(RECORDS SUPPLIED Opens)

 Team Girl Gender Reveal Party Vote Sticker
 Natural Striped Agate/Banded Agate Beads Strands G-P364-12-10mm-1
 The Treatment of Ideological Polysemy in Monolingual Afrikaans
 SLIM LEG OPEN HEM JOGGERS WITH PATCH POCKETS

(RECORDS SUPPLIED Closes)
(RECORDS SUPPLIED Opens)

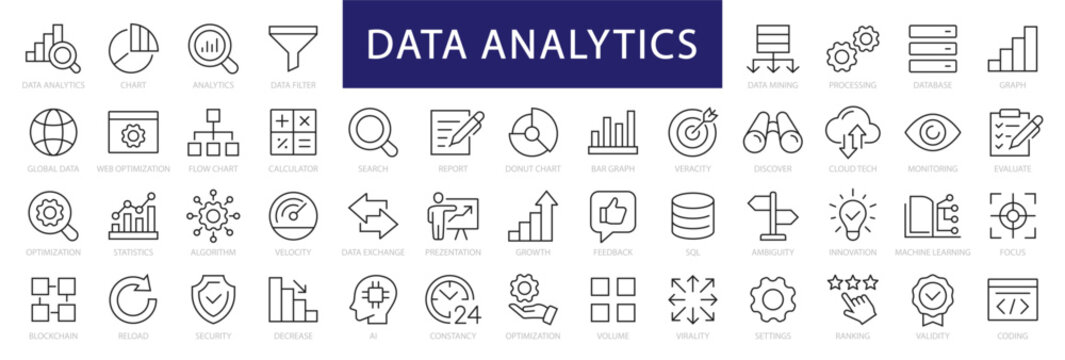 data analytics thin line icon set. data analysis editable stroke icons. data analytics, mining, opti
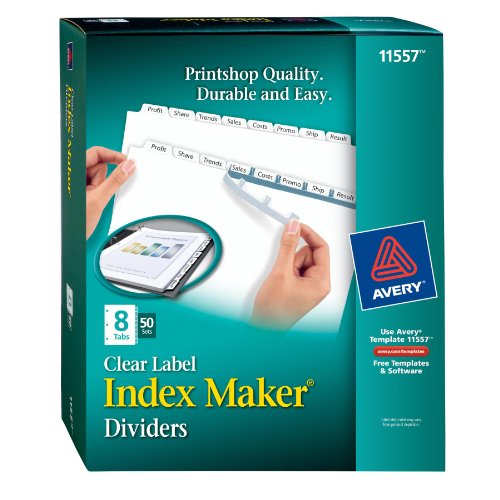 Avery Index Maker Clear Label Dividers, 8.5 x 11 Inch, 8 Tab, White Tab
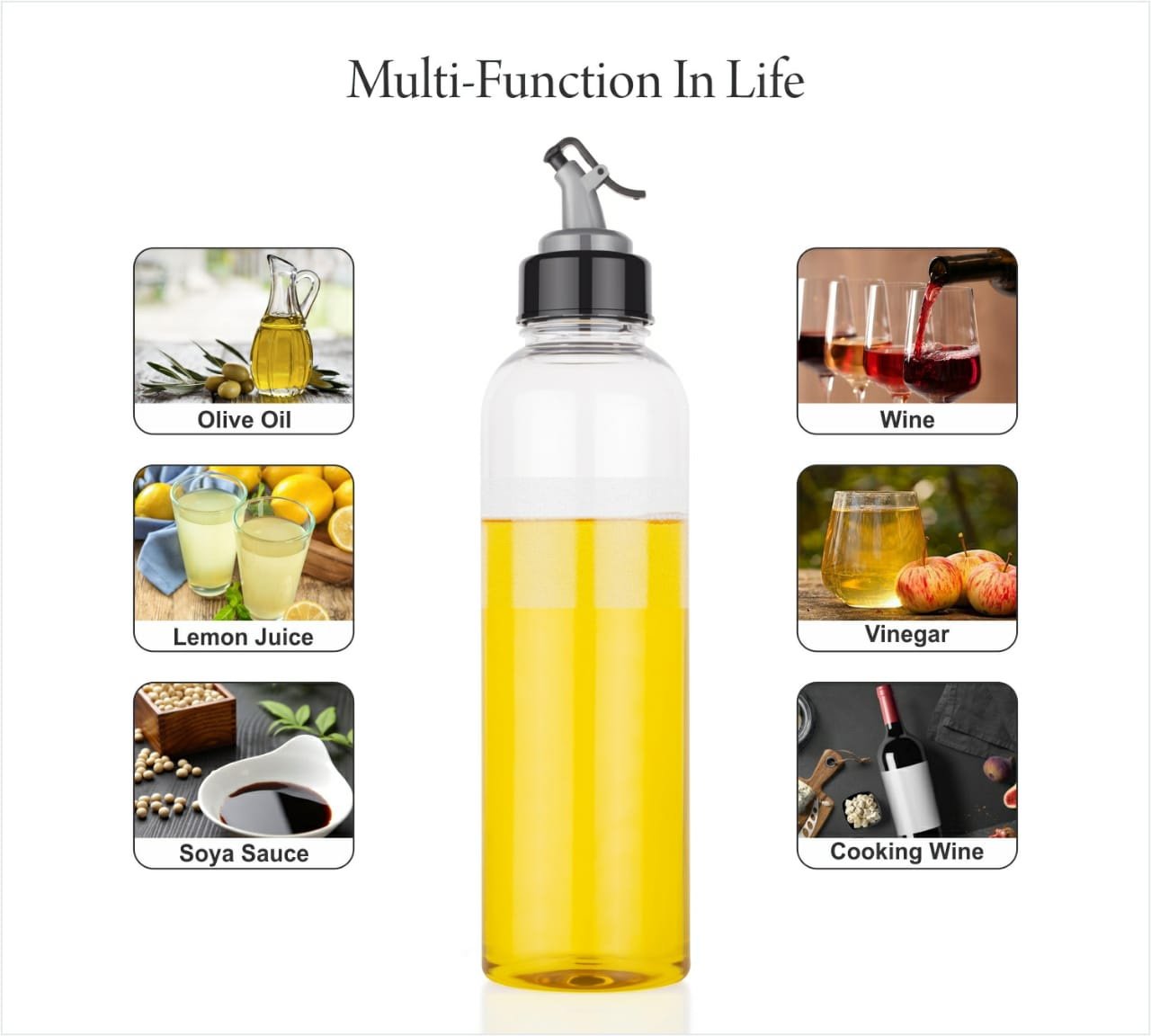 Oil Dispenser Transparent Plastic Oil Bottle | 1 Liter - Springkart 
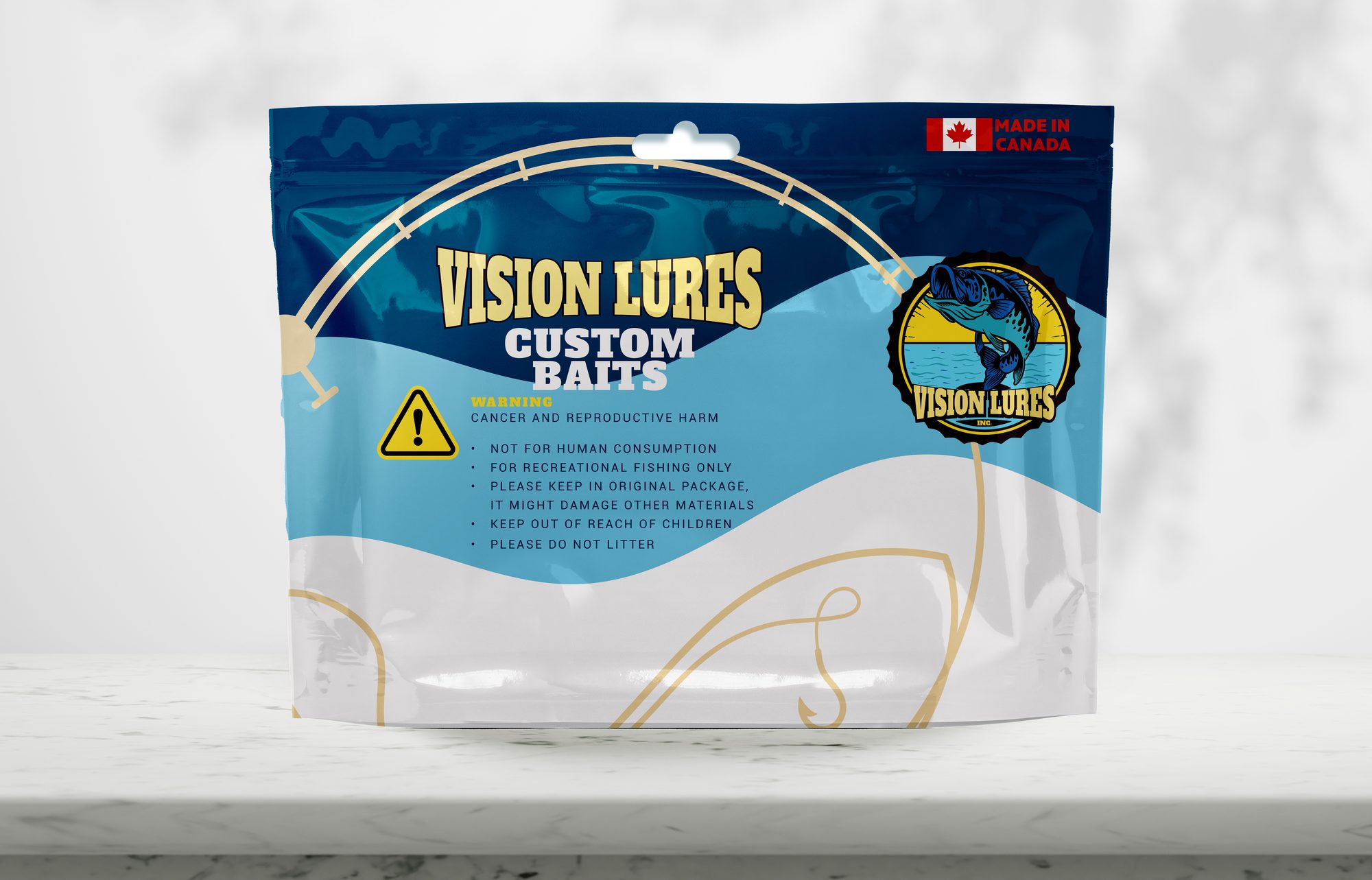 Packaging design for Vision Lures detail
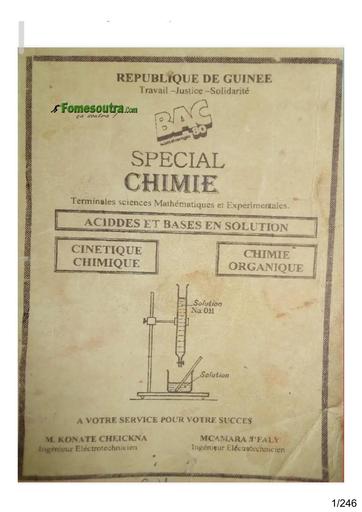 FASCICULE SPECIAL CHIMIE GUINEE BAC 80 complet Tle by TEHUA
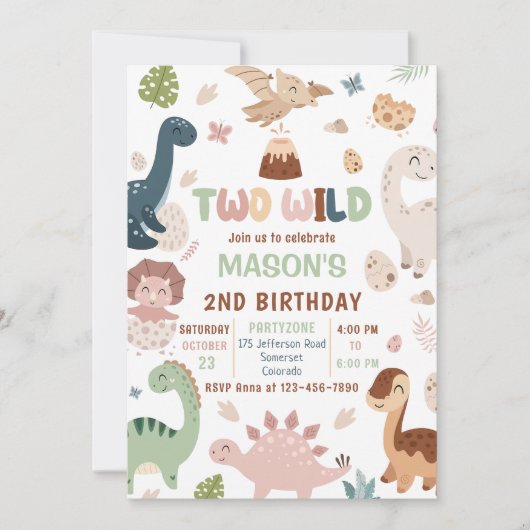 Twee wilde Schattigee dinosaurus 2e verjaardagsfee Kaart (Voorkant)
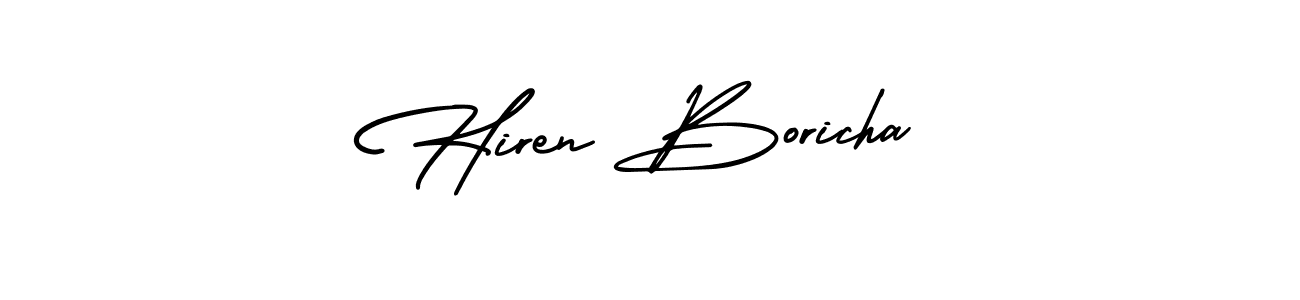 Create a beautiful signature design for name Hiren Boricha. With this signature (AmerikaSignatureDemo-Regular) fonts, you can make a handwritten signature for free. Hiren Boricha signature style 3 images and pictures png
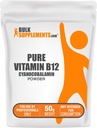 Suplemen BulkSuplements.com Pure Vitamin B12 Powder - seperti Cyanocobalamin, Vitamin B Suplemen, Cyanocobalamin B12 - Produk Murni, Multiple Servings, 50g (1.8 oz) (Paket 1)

(RECORDS SUPPLIED Closes)
(RECORDS SUPPLIED Opens)

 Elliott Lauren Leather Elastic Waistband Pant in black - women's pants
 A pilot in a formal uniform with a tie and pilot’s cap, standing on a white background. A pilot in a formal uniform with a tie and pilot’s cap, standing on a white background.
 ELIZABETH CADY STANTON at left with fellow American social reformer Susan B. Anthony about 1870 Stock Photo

(RECORDS SUPPLIED Closes)

■ **EXERCISE GOAL**
Please output the lines of the listing above that fall in the stretch from the one with "Team Girl Gender Reveal Party Vote Sticker" through the one with "SLIM LEG OPEN HEM JOGGERS WITH PATCH POCKETS", exactly and only those.

■ **PROBLEM SOLUTION**
 Team Girl Gender Reveal Party Vote Sticker
 Natural Striped Agate/Banded Agate Beads Strands G-P364-12-10mm-1
 The Treatment of Ideological Polysemy in Monolingual Afrikaans
 SLIM LEG OPEN HEM JOGGERS WITH PATCH POCKETS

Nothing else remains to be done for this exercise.